Data shown =
━━━━━━

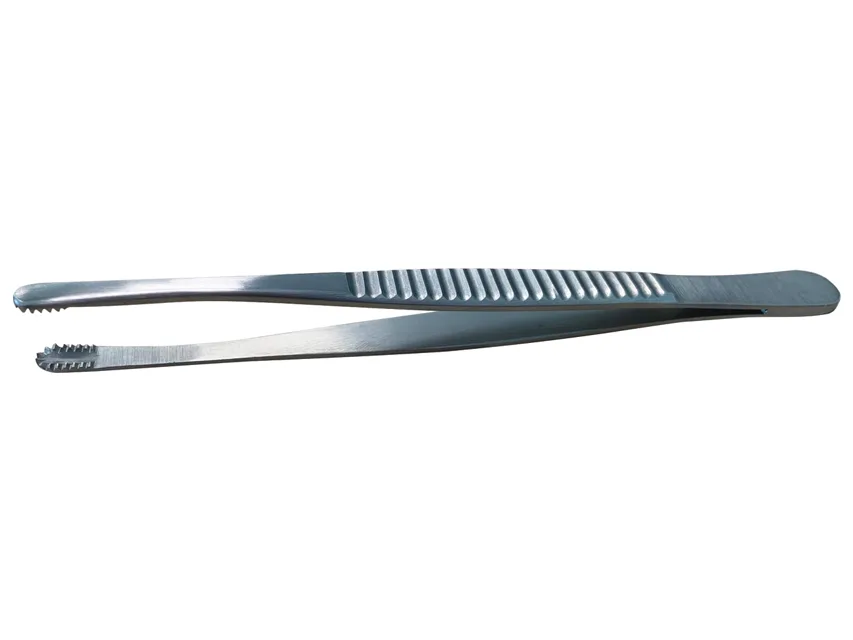 Durante forceps - 15 cm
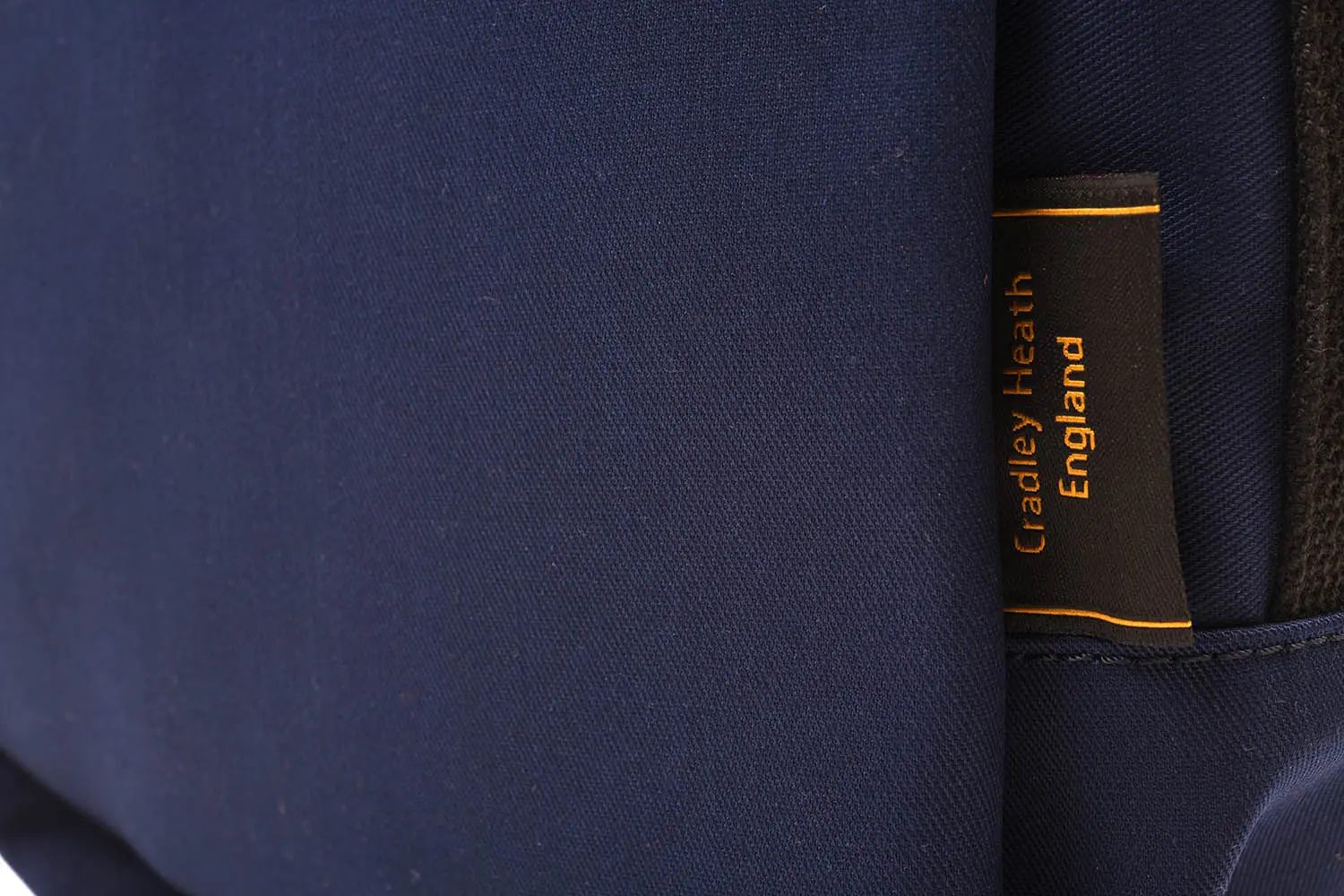 Billingham Wickham X-Small (NAVYNAVY)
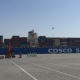 COSCO SHIPPING Ports and Abu Dhabi Ports inaugurate CSP Abu Dhabi Terminal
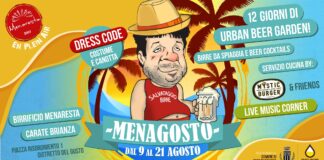 Menagosto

━━━━━━

Task details =
Output the data exactly, pictures omitted.

Solution to this problem =
 Durante forceps - 15 cm
 Billingham Wickham X-Small (NAVYNAVY)
 COSCO SHIPPING Ports and Abu Dhabi Ports inaugurate CSP Abu Dhabi Terminal
 Menagosto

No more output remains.